# opencode-memsearch

Persistent cross-session memory for [OpenCode](https://opencode.ai), powered by [memsearch](https://github.com/nicobako/memsearch).

This plugin gives your OpenCode agent long-term memory. It automatically summarizes each conversation turn and stores it in a local vector database. On session start, recent context is injected into the system prompt, and the agent can search all past memories with semantic search.

## Features

- **Automatic memory capture** — each conversation turn is summarized by an LLM and appended to daily memory files in `.memsearch/memory/`
- **Cold-start context** — the last 30 lines of the 2 most recent memory files are injected into the system prompt when a new session starts
- **Semantic search** — two custom tools (`memsearch_search` and `memsearch_expand`) let the agent search and drill into past memories
- **Per-project isolation** — memory collections are scoped by project directory
- **Local embeddings** — works with memsearch's ONNX or local embedding providers, so no API keys are needed for vector search
- **Daemon mode** — optional background daemon keeps the embedding model loaded in memory, reducing search latency from ~5-10s to ~50ms
- **Memory protocol** — a system prompt directive instructs the agent to check memory at session start and whenever it encounters a topic that might have prior context

## Prerequisites

You need the `memsearch` CLI installed with ONNX embeddings. The easiest way is via [uv](https://docs.astral.sh/uv/):

```bash
# Install uv (if you don't have it)
curl -LsSf https://astral.sh/uv/install.sh | sh

# Install memsearch with ONNX embeddings (recommended)
uv tool install 'memsearch[onnx]'

# Configure the ONNX embedding provider
memsearch config set embedding.provider onnx
```

Or install directly with pip:

```bash
pip install 'memsearch[onnx]'
memsearch config set embedding.provider onnx
```

The ONNX provider uses the `bge-m3` embedding model locally on your machine — no API keys or network requests needed for vector search. If you prefer a different embedding provider (e.g., OpenAI, a local `all-MiniLM-L6-v2` via `memsearch[local]`, or Ollama), see the [memsearch documentation](https://github.com/nicobako/memsearch) for configuration options.

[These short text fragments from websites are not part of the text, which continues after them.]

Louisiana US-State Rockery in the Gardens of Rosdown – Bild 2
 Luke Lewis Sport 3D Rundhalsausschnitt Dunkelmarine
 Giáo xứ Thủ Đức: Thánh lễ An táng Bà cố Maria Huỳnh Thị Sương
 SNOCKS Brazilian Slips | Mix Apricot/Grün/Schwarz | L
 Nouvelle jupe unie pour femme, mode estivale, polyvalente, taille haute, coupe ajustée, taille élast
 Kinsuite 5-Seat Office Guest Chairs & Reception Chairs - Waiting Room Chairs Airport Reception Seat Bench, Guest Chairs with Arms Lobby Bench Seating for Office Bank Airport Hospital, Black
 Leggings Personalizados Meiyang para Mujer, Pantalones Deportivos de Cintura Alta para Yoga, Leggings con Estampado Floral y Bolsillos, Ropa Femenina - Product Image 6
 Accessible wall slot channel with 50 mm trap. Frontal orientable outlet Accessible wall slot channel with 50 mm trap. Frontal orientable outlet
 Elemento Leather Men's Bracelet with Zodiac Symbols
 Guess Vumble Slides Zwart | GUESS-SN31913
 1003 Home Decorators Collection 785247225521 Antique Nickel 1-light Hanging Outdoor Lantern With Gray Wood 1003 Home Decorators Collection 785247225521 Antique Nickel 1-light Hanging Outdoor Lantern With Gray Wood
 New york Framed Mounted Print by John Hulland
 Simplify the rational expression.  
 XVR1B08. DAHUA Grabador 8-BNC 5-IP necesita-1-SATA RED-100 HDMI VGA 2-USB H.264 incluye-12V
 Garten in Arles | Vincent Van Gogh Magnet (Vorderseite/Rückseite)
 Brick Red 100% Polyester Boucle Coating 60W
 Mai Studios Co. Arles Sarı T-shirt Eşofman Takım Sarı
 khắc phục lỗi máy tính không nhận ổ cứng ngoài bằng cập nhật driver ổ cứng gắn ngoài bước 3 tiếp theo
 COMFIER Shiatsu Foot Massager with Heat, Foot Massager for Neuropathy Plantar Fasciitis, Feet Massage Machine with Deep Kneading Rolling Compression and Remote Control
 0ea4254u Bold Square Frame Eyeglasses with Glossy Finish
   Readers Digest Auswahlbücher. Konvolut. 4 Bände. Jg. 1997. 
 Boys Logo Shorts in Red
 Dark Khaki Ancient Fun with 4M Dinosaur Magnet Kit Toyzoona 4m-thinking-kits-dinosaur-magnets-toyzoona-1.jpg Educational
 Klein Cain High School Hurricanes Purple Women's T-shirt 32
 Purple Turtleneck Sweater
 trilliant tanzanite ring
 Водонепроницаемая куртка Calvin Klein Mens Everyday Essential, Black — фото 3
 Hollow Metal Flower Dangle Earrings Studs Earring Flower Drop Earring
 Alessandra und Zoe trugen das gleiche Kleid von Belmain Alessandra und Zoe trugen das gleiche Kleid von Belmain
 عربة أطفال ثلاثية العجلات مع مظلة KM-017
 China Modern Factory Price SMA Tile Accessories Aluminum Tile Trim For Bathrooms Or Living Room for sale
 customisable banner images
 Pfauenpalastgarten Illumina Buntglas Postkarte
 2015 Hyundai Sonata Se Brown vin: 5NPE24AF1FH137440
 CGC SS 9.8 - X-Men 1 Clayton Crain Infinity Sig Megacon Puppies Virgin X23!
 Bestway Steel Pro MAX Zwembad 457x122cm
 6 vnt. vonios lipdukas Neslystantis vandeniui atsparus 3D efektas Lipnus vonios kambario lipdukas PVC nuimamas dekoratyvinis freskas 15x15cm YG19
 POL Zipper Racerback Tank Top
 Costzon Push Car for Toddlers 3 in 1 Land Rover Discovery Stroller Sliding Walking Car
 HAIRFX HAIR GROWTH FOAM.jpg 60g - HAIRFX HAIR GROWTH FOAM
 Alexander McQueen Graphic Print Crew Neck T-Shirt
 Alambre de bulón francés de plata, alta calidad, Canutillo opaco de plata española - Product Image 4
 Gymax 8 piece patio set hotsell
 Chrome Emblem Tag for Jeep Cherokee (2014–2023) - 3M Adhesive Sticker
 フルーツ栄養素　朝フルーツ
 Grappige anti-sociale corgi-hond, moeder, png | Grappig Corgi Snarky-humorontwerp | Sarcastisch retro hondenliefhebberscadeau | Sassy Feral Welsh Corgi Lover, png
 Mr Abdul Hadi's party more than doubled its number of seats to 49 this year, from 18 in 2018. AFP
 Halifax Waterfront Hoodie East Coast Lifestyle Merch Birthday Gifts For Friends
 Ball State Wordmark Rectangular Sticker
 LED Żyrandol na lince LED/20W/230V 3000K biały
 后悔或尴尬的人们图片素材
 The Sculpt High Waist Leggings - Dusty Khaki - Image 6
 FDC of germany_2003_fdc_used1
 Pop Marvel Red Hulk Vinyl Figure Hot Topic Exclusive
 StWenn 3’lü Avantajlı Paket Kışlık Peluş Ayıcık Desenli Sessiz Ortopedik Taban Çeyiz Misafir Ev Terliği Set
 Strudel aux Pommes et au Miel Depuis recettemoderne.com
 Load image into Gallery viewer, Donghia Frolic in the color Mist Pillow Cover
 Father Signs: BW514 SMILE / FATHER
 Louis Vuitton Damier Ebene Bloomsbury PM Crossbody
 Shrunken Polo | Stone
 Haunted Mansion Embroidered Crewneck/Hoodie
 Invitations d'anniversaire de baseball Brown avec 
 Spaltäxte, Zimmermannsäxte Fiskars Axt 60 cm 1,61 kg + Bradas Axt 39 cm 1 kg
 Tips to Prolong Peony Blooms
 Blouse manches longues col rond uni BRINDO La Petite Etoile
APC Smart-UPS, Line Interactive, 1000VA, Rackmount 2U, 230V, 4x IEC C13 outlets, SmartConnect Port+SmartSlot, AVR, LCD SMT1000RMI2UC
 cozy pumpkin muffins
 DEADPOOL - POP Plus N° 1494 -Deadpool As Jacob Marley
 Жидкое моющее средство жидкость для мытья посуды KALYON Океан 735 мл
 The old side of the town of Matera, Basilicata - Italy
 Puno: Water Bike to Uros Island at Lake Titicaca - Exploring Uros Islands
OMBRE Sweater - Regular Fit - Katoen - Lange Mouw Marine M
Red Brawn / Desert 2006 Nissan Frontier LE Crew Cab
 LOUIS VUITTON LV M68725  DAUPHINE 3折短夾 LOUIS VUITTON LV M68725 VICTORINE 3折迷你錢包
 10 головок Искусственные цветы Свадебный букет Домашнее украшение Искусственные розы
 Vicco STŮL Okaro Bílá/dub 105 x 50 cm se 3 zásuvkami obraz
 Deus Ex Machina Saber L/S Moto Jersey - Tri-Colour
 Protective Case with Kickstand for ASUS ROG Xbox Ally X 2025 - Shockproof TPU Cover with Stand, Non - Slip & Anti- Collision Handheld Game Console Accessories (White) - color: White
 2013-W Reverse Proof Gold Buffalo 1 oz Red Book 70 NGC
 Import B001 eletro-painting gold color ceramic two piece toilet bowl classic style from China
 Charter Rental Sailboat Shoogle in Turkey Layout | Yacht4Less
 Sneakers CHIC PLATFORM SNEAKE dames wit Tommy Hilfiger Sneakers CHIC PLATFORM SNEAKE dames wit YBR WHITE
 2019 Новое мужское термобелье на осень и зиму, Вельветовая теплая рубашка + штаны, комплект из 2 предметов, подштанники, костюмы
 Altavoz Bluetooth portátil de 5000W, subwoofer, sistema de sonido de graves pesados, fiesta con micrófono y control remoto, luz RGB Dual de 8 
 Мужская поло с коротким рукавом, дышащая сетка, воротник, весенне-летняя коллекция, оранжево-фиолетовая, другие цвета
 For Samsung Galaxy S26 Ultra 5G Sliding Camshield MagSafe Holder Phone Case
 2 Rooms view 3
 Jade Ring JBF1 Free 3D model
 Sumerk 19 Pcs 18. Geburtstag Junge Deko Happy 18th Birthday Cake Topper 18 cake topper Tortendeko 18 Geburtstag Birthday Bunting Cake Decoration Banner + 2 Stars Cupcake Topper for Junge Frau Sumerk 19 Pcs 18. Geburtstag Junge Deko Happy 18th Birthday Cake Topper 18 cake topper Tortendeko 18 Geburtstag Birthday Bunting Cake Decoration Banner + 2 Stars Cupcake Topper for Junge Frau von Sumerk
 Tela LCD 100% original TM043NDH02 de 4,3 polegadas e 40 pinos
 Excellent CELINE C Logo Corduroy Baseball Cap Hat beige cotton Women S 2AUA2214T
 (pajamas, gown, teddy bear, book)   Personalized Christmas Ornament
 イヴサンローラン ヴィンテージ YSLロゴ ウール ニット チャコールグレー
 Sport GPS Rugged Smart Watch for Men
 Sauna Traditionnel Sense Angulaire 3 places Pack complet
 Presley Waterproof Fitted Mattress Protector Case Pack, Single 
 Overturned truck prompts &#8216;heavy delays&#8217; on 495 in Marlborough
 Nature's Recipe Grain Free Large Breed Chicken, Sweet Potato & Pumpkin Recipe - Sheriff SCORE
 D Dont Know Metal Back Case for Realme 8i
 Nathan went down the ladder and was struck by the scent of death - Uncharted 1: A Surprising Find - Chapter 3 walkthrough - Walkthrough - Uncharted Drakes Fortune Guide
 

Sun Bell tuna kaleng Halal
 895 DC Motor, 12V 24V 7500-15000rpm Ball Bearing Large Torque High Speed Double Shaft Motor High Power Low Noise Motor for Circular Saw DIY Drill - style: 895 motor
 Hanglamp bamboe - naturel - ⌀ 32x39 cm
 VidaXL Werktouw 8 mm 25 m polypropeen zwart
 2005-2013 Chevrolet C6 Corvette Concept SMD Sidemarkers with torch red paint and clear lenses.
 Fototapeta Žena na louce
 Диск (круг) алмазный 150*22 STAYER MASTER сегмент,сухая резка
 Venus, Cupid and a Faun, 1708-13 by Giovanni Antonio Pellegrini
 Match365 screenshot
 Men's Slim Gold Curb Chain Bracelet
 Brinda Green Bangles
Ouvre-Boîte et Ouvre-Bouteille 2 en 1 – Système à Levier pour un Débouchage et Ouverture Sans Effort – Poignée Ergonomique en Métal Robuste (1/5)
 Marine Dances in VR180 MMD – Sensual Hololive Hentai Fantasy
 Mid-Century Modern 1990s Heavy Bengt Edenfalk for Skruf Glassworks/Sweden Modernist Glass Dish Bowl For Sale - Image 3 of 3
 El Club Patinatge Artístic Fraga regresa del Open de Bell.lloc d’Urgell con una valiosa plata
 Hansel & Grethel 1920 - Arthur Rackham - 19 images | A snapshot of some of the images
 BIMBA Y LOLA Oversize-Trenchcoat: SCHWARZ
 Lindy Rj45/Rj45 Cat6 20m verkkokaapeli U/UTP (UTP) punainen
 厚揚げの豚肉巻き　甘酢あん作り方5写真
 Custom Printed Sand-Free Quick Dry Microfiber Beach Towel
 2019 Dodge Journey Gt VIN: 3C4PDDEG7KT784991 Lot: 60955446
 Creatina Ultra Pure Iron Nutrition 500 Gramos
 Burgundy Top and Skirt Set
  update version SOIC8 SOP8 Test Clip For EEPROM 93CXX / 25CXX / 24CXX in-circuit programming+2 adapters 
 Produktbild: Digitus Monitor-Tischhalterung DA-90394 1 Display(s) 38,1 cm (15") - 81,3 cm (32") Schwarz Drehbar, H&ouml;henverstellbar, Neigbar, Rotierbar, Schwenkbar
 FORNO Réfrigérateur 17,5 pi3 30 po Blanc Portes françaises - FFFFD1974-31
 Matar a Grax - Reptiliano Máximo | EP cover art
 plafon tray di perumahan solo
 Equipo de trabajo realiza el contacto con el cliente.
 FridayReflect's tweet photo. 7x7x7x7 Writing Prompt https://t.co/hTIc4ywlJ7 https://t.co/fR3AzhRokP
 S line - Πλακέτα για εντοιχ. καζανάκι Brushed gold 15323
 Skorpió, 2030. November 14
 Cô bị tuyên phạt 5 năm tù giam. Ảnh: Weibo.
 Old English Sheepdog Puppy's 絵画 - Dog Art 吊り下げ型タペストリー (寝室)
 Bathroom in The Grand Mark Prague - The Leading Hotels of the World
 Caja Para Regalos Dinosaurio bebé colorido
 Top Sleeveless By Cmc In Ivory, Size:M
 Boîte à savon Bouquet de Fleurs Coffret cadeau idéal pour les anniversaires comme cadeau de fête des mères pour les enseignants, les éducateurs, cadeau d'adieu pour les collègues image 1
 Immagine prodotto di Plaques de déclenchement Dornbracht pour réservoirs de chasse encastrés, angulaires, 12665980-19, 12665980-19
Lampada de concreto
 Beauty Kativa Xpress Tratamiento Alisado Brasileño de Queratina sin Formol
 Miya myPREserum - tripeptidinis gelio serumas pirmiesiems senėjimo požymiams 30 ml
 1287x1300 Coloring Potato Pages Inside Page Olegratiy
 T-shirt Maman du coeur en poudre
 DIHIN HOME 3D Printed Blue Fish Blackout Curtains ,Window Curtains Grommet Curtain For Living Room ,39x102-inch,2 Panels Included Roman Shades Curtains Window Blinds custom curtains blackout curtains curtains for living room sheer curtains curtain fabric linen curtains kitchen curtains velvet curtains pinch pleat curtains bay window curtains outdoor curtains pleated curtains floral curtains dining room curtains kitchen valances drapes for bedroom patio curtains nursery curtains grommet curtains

If `memsearch` is not installed, the plugin's tools will return a clear error message asking the agent to tell you to install it.

## Install

Add `opencode-memsearch` to the plugin list in your OpenCode config:

```json
{
  "$schema": "https://opencode.ai/config.json",
  "plugin": ["opencode-memsearch"]
}
```

This can go in either:
- `opencode.json` in your project root (project-level)
- `~/.config/opencode/opencode.json` (global)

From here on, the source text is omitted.